De 1975 à 1980, nous sommes passés à 80 % de recrutement féminin, à la suite du choix fédéral de privilégier la formation des pratiquantes en interne pour devenir animatrices. Quelques hommes se hasardaient dans mes cours, attirés par la promesse d'un match de basket ou de volley, après la séance de gymnastique. Nous avons ainsi atteint des taux de féminisation de 97%. Même si la féminisation paraît irréversible, je défends en effet la mixité en même temps que l'objectif d'offrir dans un esprit convivial une activité de sport santé accessible à tous.

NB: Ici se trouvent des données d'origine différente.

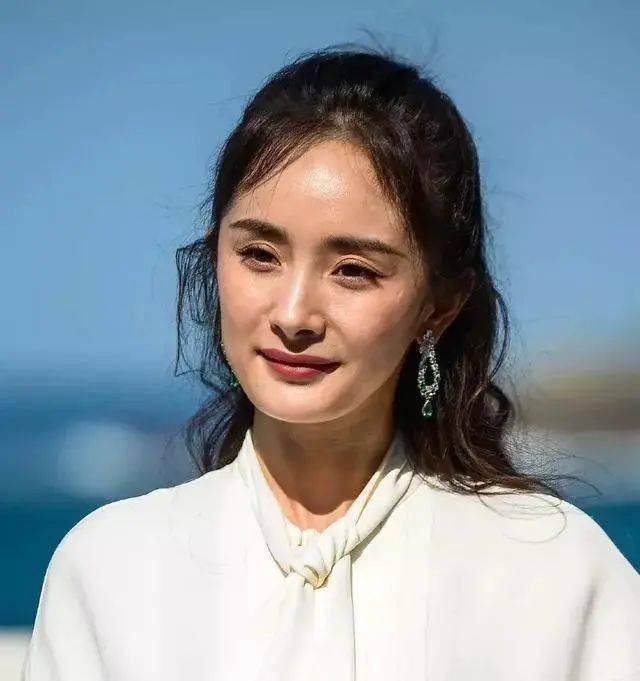 杨幂少女感渐失,男网红分析其脸垮原因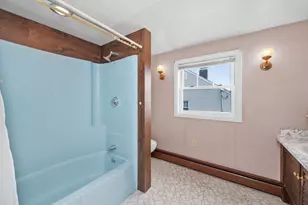 828 E Squantum St, Quincy, MA 02171 - Photo 30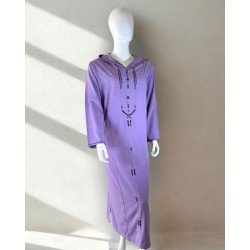 Djellaba marocaine mauve brodée – Élégance et simplicité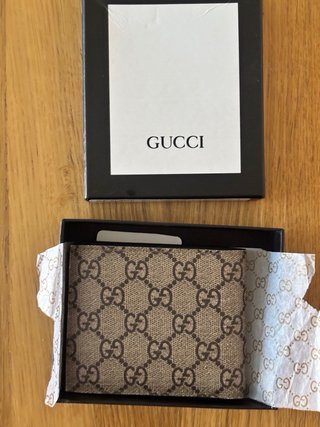 Cartera Gucci GG Supreme con abeja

Si le souci de la forme, du bien être et de l'entretien est d'abord féminin - ce n'est qu'après 50 ans que les hommes, davantage portés au défoulement et à la compétition, en viennent à ce souci de soi -, il est clair, à la lumière de mon expérience, que le sexe des encadrants a une influence sur le recrutement des pratiquants. Aujourd'hui, la majorité des animateurs sont des femmes, mais la tendance est en train de s'inverser chez les formateurs, où se pressent désormais, le marché du travail étant devenu ce qu'il est, les candidatures de jeunes hommes diplômés en STAPS (sciences et techniques des activités physiques et sportives). Notre pyramide des âges veut que nous recrutions beaucoup, ce qui tend à infléchir l'équilibre au profit des hommes. Je serai attentive aux évolutions. Ce changement d'équilibre aura-t-il une influence sur celui des pratiquants ? Nous ne le saurons que dans une dizaine d'années. Mais il me semble dès à présent que l'influence de l'encadrement est profonde, et que l'animateur est un modèle auquel on s'identifie.

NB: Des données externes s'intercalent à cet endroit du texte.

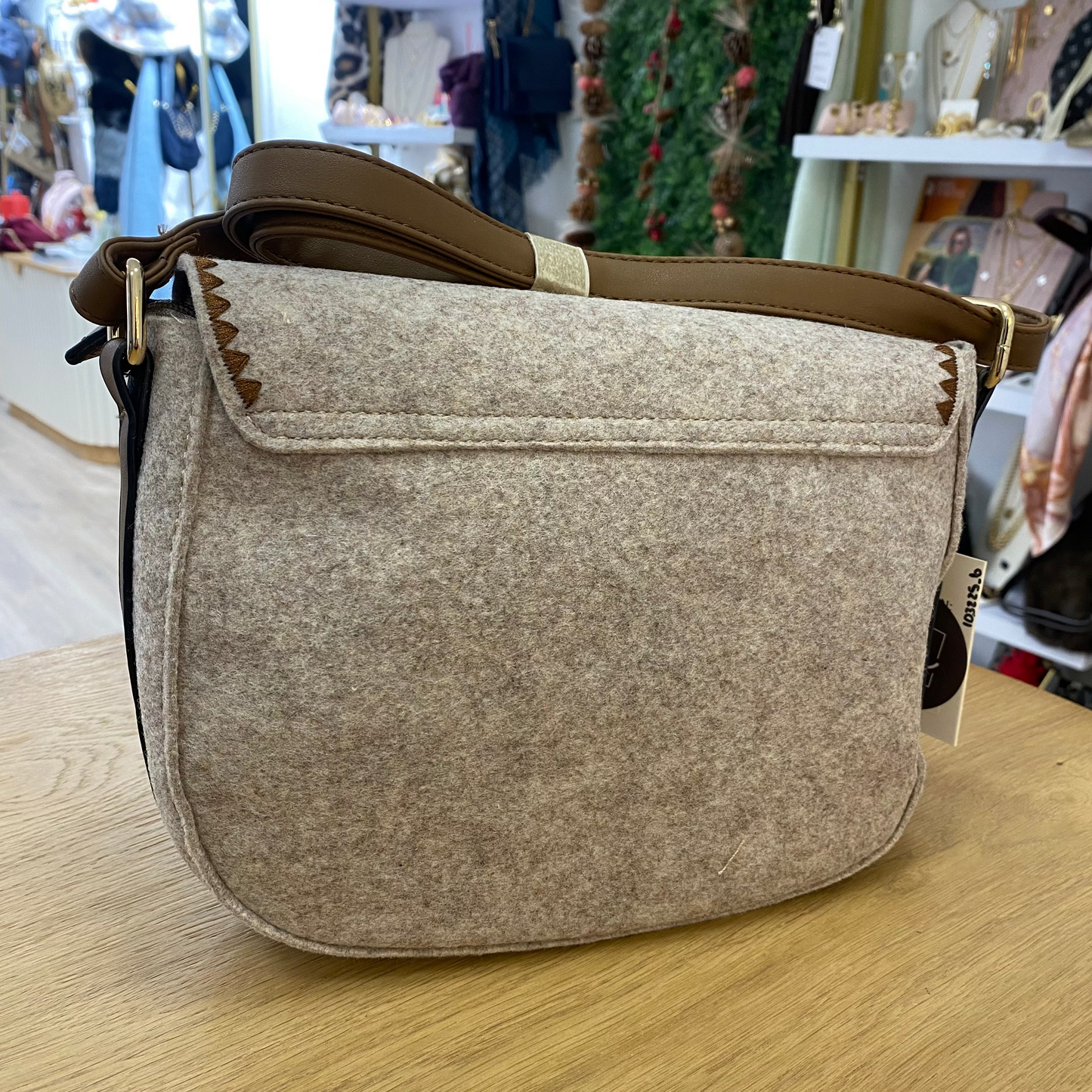 Bolso bandolera de fieltro con bordados en marrón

Notre fédération a longtemps été dirigée par des hommes. La première femme à accéder à la présidence fut Nicole Dechavanne, qui disposait d'une grande expérience tant nationale qu'internationale. Les femmes n'ont depuis refait leur apparition aux postes à responsabilité qu'il y a six ans, alors même que la fédération comptait depuis longtemps plus de 90 % de femmes. Aujourd'hui, une femme est présidente. Et paradoxalement, le premier dossier que j'ai eu à traiter portait sur la mixité des effectifs dirigeants. Une application stricte de la loi du 6 juillet 2000 sur le sport et du décret du 7 janvier 2004 garantissant aux femmes une proportionnalité entre le nombre de licenciées et le nombre de sièges dans les instances de direction des fédérations aurait abouti à ce que nous n'ayons qu'un homme au comité directeur. Il me semble, et je crois avoir convaincu, qu'un meilleur équilibre au sein des instances représentatives est souhaitable au sein d'une fédération qui n'est pas par essence féminine. Un homme, aussi fort soit-il, ne saurait représenter à lui seul toutes les aspirations des hommes. J'ai présenté ma position au ministère, engagé la discussion au sein de la FFEPGV en proposant un compromis à 30 %, car seul un groupe peut représenter une minorité. J'ai obtenu 20 %, le pourcentage qui prévaut au Comité international olympique, soit cinq hommes sur vingt-trois. Cela me paraît essentiel pour que les hommes puissent enrichir la réflexion en apportant leur point de vue. Mme Chantal Jouanno, ministre des sports, m'a fait observer malicieusement qu'aucune fédération majoritairement masculine n'était venue lui présenter une telle requête en faveur de la présence de femmes. J'ai saisi la balle au bond en lui suggérant de la leur soumettre. Car l'objectif de la loi n'est certes pas, à l'inverse, de placer quelques femmes-alibi pour solde de tout compte.